日本には及ばないものの、一定の盛り上がりをみせているCJロジスティクス・スーパーレース・チャンピオンシップ。筆者はどんなスポーツであろうと、国内のリーグや競技人口が盛り上がりをみせない限り世界的な選手は生まれないと思っているが、その点では今後シリーズがさらに盛り上がれば、韓国人ドライバーが海外で活躍する可能性もあるだろう。
ただ、このシリーズで行われているレースはいずれも韓国オリジナルのものばかり。現在の世界的な潮流とはやはり離れており、その点では海外に出ることを難しくしているとも言える。近年はヒュンダイがWRC世界ラリー選手権に参戦したり、ヒュンダイ、キアがTCRにカスタマーレーシングカーをリリースしており、TCRコリアもスタートするが、こういったカスタマーレーシングカーでスーパーレースを代替することは不可能なのだろうか。
その難しさは、市街を見渡すと良く分かる。韓国の自動車のシェアはヒュンダイ、キアが大半で、韓国GMがそれに続く。ヨーロッパ車ではメルセデスベンツ、BMWはよく見かけたが、日本車やメルセデス、BMW以外の欧州メーカーは数えるほどだった。キャデラックはシリーズスポンサーでもあり、シリーズの運営を考えても、これらのメーカーの“形”を使った車両を使わざるを得ないのは仕方ないことなのだろう。

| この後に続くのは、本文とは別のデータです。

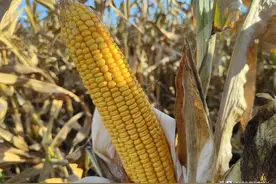 这个玉米新品种，比先玉335还高产，亩产可达3000斤图片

日本のモータースポーツ界も一時ガラパゴス化したと言われていたが、韓国の場合も日本に近い理由でのガラパゴス化が強いられていると言える。このあたりは、日欧のメーカーのクルマが多い東南アジア各国とは異なる“自動車メーカーがある国”ならではの事情だろう。
■日本からの訪問は大歓迎
ちなみに、今回の韓国での取材だったが、アトラスBXレーシングチームをはじめ、非常に温かく日本からのツアーを迎え入れてくれたのが印象的だった。チームスタッフも「日本語を覚えたい」というメンバーが多く、1ヶ月ほど大阪を訪れていたレースクイーンも、「また日本に行きたい」というほどだった。手前味噌ながら、メディアオフィサーもオートスポーツwebのことを知っており、「取材に来た」というと驚きながらも歓迎してくれた。
また、先述のとおり韓国はヒュンダイ、キアがほとんどだが、今回スティーブン・チョウの所有するキア・スティンガーに乗ることができた。2017年にリリースされたばかりのスポーツセダンだが、これが驚くほどのクオリティ。聞けば500万円ほどで買えるそうだが、このクオリティの高さは日本車もうかうかしていられない。タクシーもほとんどヒュンダイだが、これも乗り心地が良かった。
ソウルの街中には日本の商品も多く、観光客向けにカタカナも多い。韓国に訪れるのは2013年にインジェを訪れて以来3回目だが、以前は「?」と感じる部分が多かった韓国ながら、モータースポーツの発展とともに、時代の変化も感じさせられた取材だったことを付け加えておこう。